## Material supplied:
↓

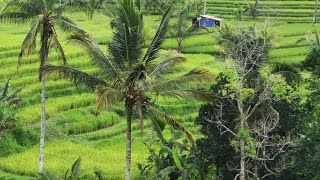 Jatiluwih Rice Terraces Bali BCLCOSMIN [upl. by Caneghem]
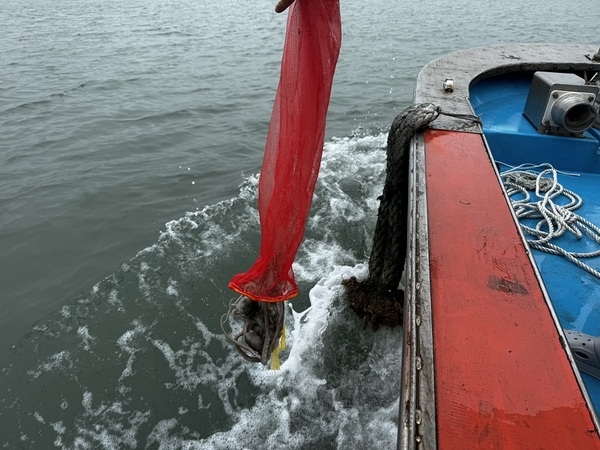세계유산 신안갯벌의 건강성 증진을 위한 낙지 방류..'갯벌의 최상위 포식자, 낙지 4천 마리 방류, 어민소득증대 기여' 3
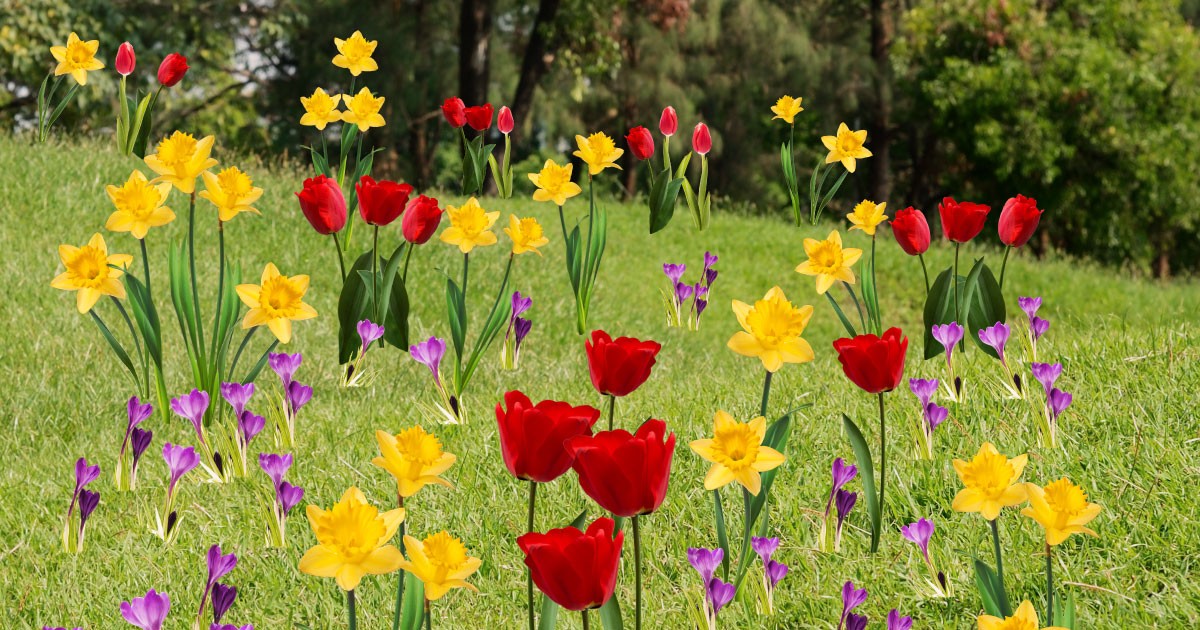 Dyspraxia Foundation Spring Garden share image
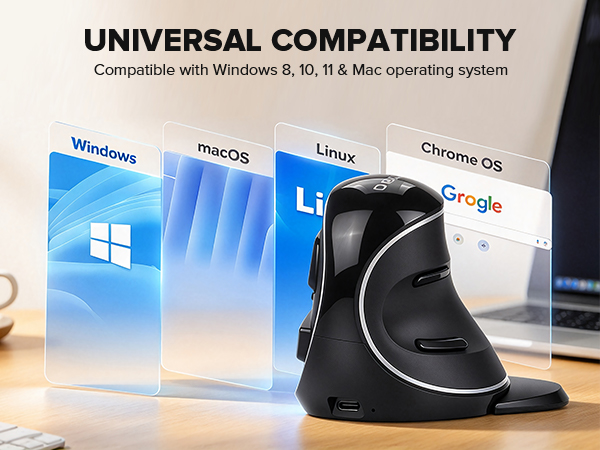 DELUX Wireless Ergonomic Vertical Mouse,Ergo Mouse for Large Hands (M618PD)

↑
↓

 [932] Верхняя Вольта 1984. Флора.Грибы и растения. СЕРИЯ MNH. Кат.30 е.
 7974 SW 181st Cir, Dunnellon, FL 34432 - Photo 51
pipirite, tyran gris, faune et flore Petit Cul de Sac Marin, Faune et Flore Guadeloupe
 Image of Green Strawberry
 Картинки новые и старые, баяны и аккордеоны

↑

## The task:
In the listing above, find the line with "[932] Верхняя Вольта" and the line with "Картинки новые и старые, баяны и аккордеоны". Output those two lines and every line between them, exactly as written.

## Answer section:
 [932] Верхняя Вольта 1984. Флора.Грибы и растения. СЕРИЯ MNH. Кат.30 е.
 7974 SW 181st Cir, Dunnellon, FL 34432 - Photo 51
pipirite, tyran gris, faune et flore Petit Cul de Sac Marin, Faune et Flore Guadeloupe
 Image of Green Strawberry
 Картинки новые и старые, баяны и аккордеоны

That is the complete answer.